The Federal Executive Council had earlier approved the sum of $1.5 billion (about N570 billion) for the project which has a completion timeline of between 18 and 44 months under a three-phase arrangement.

The Nigerian National Petroleum Corporation has signed a contract with a Milan-based company, Tecnimont SpA, for the rehabilitation of Port Harcourt Refinery Company in Alesa-Eleme, Rivers state.

The Federal Executive Council had earlier approved the sum of $1.5 billion (about N570 billion) for the project which has a completion timeline of between 18 and 44 months under a three-phase arrangement.

Image

Speaking during the Engineering, Procurement and Construction contract signing ceremony on Tuesday, the Group Managing Director of NNPC, Mallam Mele Kyari said, “Mr President promised Nigerians he will fix the refineries.”

Kyari also assured that the same transparent process has been put in place for the rehabilitation of the Warri and Kaduna Refineries whose EPCIC contracts would be awarded in June 2021.

He said: “We are happy to deliver on this presidential mandate. We’ll continue this process to also deliver on both Warri and Kaduna Refineries.

“I can confirm to you that nobody has been delegated by anybody in this company to work for (the interest of) anyone other than the mandate of delivering on this rehabilitation project."

The Managing Director of PHRC, Ahmed Dikko, signed the contract paper for his company while the Vice President, Sub-Saharan Africa, Davide Pellizola, signed on behalf of Tecnimont SpA.

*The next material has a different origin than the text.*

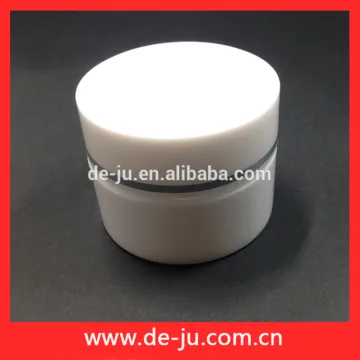 Promotion airtight white plastic jar with screw cap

Dikko explained that Phases 1 and 2 of the project would get the refinery ready to receive hydrocarbons, while Phase 3 will focus on the start-up of the refinery for operation, stressing that the entire work shall be delivered in 44 months from today.

Pelizzola pledged the readiness of his company to work assiduously with the NNPC to comply with the terms and obligations of the contract.

In its first-ever audited accounts and financial statements released in 2020, NNPC said three of Nigeria’s four refineries gulped N1.64 trillion in cumulative losses recorded in their operations since 2014.

The refineries have a combined production capacity of 445,000 barrels per day (BPD).

PHRC alone, which is set for repairs, has a capacity of 210,000bpd; Kaduna Refinery has 10,000bpd capacity, and Warri Refinery has 125,000bpd.

The repair of the refinery had earlier sparked outrage, with critics stating that such would only amount to waste of resources amid the country's struggling economy.